Copy-Paced-Delete! Pandemic Professionalism

As a team at ETA + Partners Ltd we were honoured to be On Shortlist for Archiboo Awards 2020 – Best Digital Workspace.

Having worked in the Architectural Profession for the last 20 years it was amazing to get shortlisted with some of my heroes Cullinan Studio and Grimshaw Architects alongside the next generation of heroes, whose methodology show that the profession is in good hands. Congratulations to the eventual and worthy winners  New Practice.

However the point of this post is not just a simple reflection but is a great opportunity to show that it is good to be prepared to write your own copy for marketing and that is still will have value way past its original purpose.

As part of the competition we were asked a few key questions and then subsequently there was the opportunity to expand on those answers.

The great thing about going back in and looking with a fresh pair of eyes at the copy is that you are able to tighten up concept and explore, edit and expand were necessary.

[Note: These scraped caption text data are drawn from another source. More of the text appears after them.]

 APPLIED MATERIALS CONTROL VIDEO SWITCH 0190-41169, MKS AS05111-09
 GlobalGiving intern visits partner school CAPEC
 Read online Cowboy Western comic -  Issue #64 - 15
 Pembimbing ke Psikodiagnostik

In short we looked at how our company was set up to deal with the pandemic. Hopefully our story can help you:

Best Digital Workspace – What makes you the best digital workspace?

We were fully prepared to work from home as each team member had a home studio already. But, it was fair to say, the analogue pleasures of the job became more digital. Our pen sketches had to move from detail paper to touch screens and styluses, for improved digital workflow.

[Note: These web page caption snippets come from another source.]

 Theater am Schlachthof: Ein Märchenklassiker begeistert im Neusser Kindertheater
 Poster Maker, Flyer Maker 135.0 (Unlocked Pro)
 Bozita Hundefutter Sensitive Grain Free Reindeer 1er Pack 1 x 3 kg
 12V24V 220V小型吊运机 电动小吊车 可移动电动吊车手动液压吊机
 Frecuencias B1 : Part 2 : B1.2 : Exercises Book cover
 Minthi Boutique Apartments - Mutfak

All face-to-face client meetings moved into virtual chat rooms in messaging apps and the ubiquitous Zoom call. We were now in the same multi-purpose room that hosted a video call, webinar or even pub quiz throughout the initial lockdown. Our Zoom backgrounds became past project pictures, and our virtual desktops became as much part of a meeting as any sleek, edited presentation. 

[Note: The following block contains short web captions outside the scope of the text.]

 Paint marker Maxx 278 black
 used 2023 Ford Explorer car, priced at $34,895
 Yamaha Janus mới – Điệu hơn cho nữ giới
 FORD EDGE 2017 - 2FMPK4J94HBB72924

The process for design optioneering was done, with caveats, from estate agent plans until risk assessments and method statements were produced to allow site access for measured surveys to be conducted. 

All dotting of ‘i’s and crossing of ‘t’s were done for paperwork and contracts whilst the world slowed down and the phones had stopped ringing off the hook.

In regard to the means of production, the technology has been here for a while – touchscreen mobile devices with styluses and pens such as Surface Book 2 and Samsung Note 9. The communication with team members, clients and collaborative workflow for sketches and marking up were conducted with the flexibility that Whatsapp, Zoom and Microsoft Teams platforms provide. 

Our drawings and documentation were connected to the cloud-based systems of Dropbox and Onedrive. This information, plus emails, could be securely accessed by all the team’s computers and phones, while simultaneously forming and having the support of a robust QMS filing system.

The fact that the team was so relaxed when harnessing and using openly available consumer technology meant we knew that the general population could easily adopt a similar strategy.

We are an open and trusting company, so it felt like the world was coming around to our way of thinking and should use their communication, storage and technology without frontiers and barriers.

Why do you believe your approach to the digital workplace has been successful? (approach)

One of the tenets of our company ethos has been to create architecture in a collaborative fashion. At the inception of the company research and development and a continuous feedback loop for processes was instilled. It was decided that team location and software should never be a preventer of good communication or the successful delivery of a project. This meant questions asked to team members were enablers to move forward. “Can you draw within a company drawing border? Can you email from a company email? Can you access the servers and QMS? Can you be reached by phone, email and messaging apps?” If the answer was ‘yes’ then you can work on whatever software you were most effective in. Through the adoption of open source thinking about our processes and actively embracing the trust in people to work remotely means a new team member with a phone, licenced software, a computer and internet connection can work independently and collaboratively with the established team from wherever they choose to be.

What became key, once the pandemic kicked in, was the well-being of our team. We phoned or video called to check in with each other most days. Collaboration was enabled via Zoom and Microsoft Team conference calls. Through these platforms we were able to review and solve design and admin issues and generally still chat. For us – and people globally – this technology became an essential part of daily communication. Maintaining good client contact and keeping existing projects on an even keel involved regular work review and checking in on team wellbeing. All of which ensured we continued making progress. 

We believe we already had a robust work-from-home system in place before the pandemic hit.  This has been proven to be the case through such extraordinary times. The success of our system allows for outsourcing of drawing to team members in Santiago in South America. Our watches are set to two time zones now. The sun literally never set on our business during the pandemic and we can only hope this remains the case.